Wahrnehmung verzerrt
Vor allem ältere Patientinnen und Patienten würde dieses Vorgehen hart treffen. „Ältere Menschen können oft weniger mit dieser Technik anfangen. Die sind dann stark eingeschränkt in ihrer Wahrnehmung darüber, dass hier tatsächlich eine gerichtliche Entscheidung getroffen wird“, sagt Rappert. Auch, dass sie nicht alleine gelassen, sondern von der Patientenanwaltschaft vertreten werden, könnte bei einer Videokonferenz mit mehreren Teilnehmern für Betroffene untergehen.

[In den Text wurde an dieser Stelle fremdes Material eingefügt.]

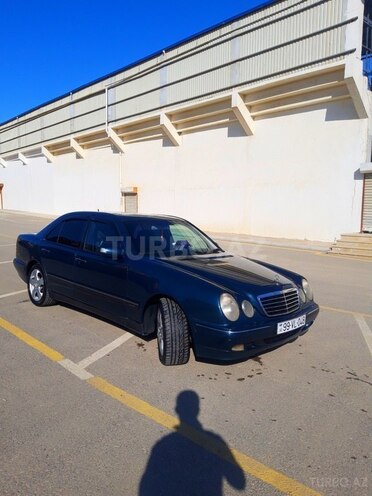 Mercedes E 220 2001, 377,800 km - 2.2 l - Bakı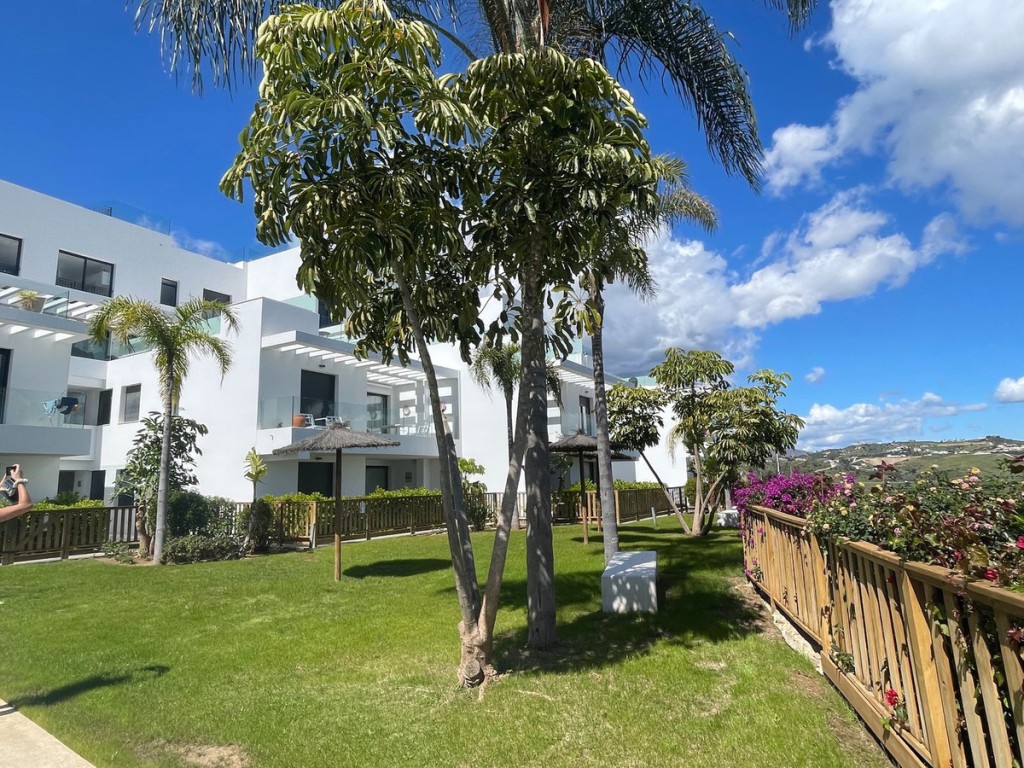 3 Bed, 2 Bath, ApartmentFor Sale, La Cala de Mijas, Malaga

Auch Richter Arno Engel vom Bezirksgericht Amstetten teilt diese Einschätzung. Er verbringt normalerweise etwa zwei Tage pro Woche in Krankenhäusern. Etwa fünf Erstanhörungen und zwei Verhandlungen pro Woche kommen schon zusammen, erzählt er. Zu Beginn der Corona-Krise hat er seine Termine wie gewohnt persönlich abgehalten. Nachdem er dabei aber mit einer Patientin, die später positiv getestet wurde, zusammenkam, musste er in Quarantäne und auch auf Videokonferenzen zurückgreifen. „Es ist auf jeden Fall so, dass bei dieser Art des Gesprächs etwas verloren geht. Das hat nicht dieselbe Qualität, wie wenn man im gleichen Raum ist und sich direkt miteinander unterhalten kann.“
Auch wie gut die Betroffenen mit dem Laptop umgehen können und ob sie schon Erfahrung mit dieser Art zu kommunizieren haben oder nicht, macht der Richter dabei für ein mögliches verzerrtes Bild verantwortlich. Als problematisch hat er es außerdem erlebt, dass nicht immer alle in einem Raum anwesenden Personen im Bild der Videokonferenz gleichzeitig sichtbar sind. So konnte es zum Beispiel passieren, dass ein Patient mit dem er zu tun hatte, laut den Ärzten während des Gesprächs extrem angespannt war. Der Richter hatte davon aber nichts bemerkt, weil zu diesem Zeitpunkt die Kamera des Laptops auf den Arzt gerichtet war.
Weiter nur per Video
Mittlerweile hält Engel seine Termine wieder persönlich ab. Laut Patientenanwalt Rappert würden aber etwa die Hälfte der in Österreich zuständigen Richter wohl bis Jahresende im Modus der Videokonferenzen weiterarbeiten wollen. Und das, obwohl laut Rappert zuständige Krankenhausabteilungen für große Räume gesorgt hatten und auf persönliche Besuche der Richter drängten. Dass diese dennoch in vielen Fällen nicht stattfinden, hält er für eine Katastrophe.